___ ENTRIES PROVIDED ___

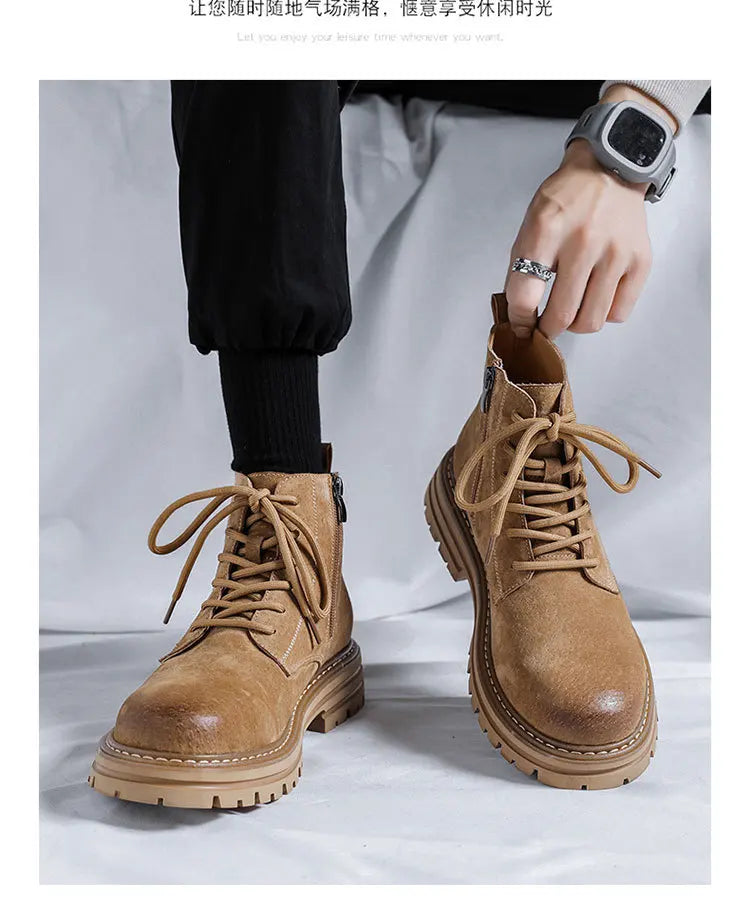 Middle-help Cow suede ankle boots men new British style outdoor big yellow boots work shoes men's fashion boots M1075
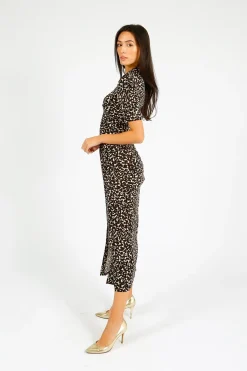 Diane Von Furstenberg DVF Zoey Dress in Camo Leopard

___
___ ENTRIES PROVIDED ___

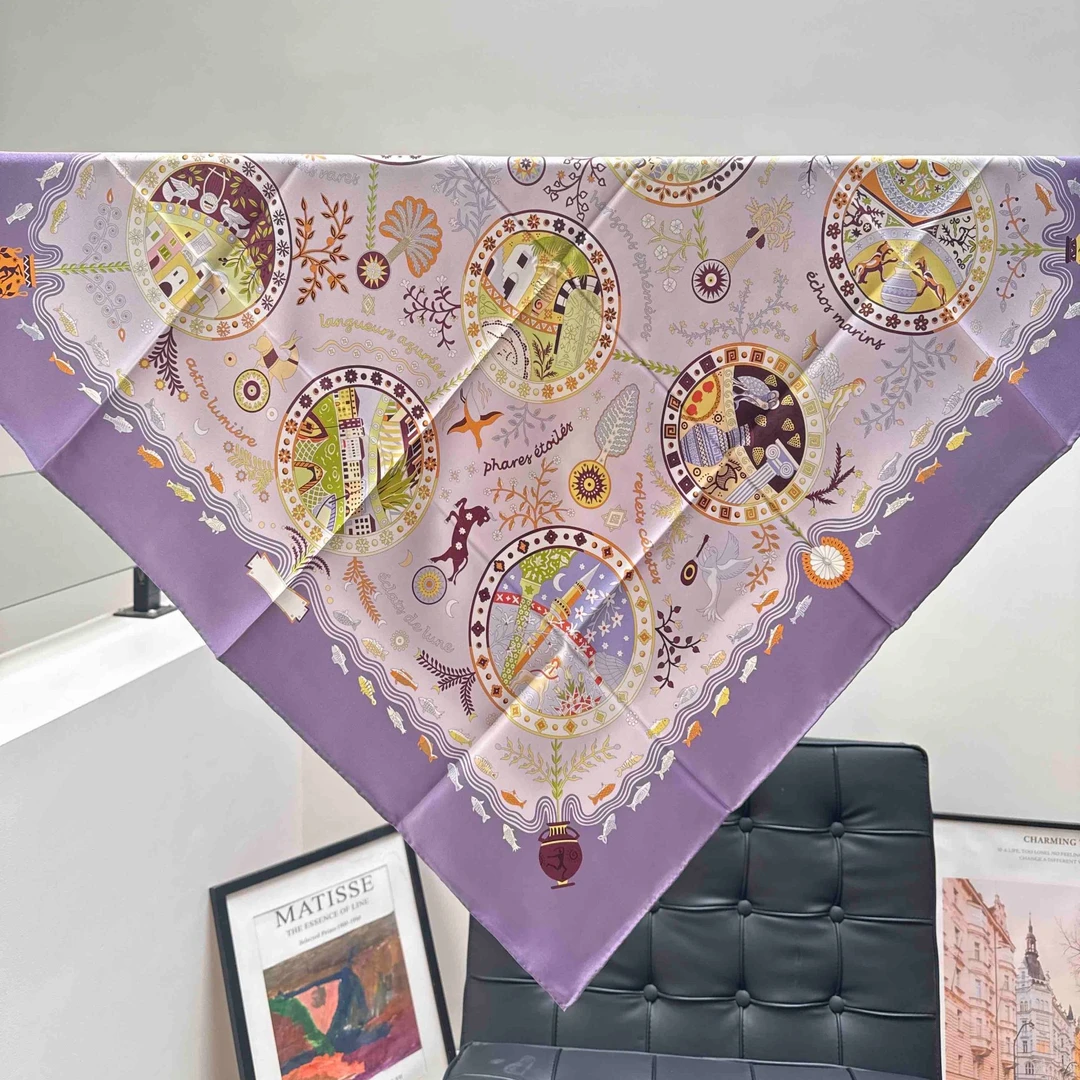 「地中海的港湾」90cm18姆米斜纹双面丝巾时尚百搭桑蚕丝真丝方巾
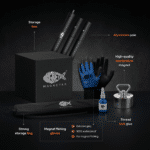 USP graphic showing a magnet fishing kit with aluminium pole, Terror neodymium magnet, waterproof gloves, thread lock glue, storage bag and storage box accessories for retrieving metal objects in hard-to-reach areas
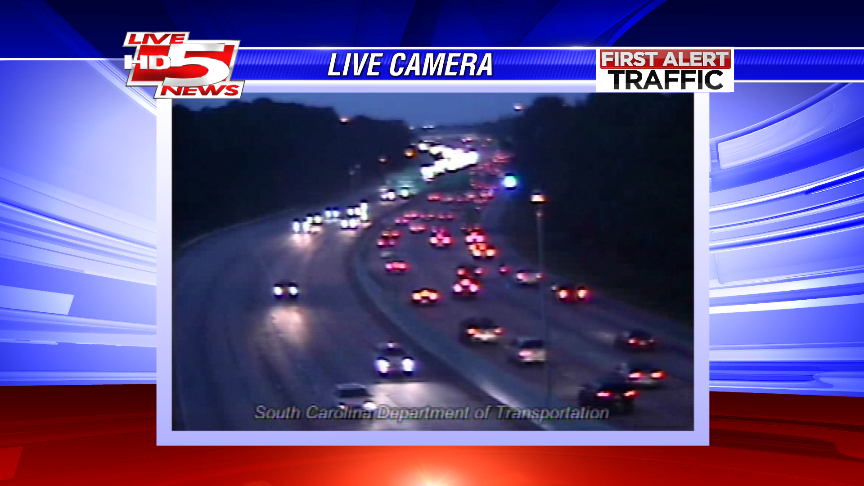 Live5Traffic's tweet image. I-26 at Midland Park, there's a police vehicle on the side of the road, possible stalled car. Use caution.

___

WHAT TO PRODUCE
Starting with the line above that holds "Middle-help Cow suede", restate each line word for word up to and including the line that holds "Diane Von Furstenberg". Drop the pictures.

RESPONSE TO THE EXERCISE
 Middle-help Cow suede ankle boots men new British style outdoor big yellow boots work shoes men's fashion boots M1075
 Diane Von Furstenberg DVF Zoey Dress in Camo Leopard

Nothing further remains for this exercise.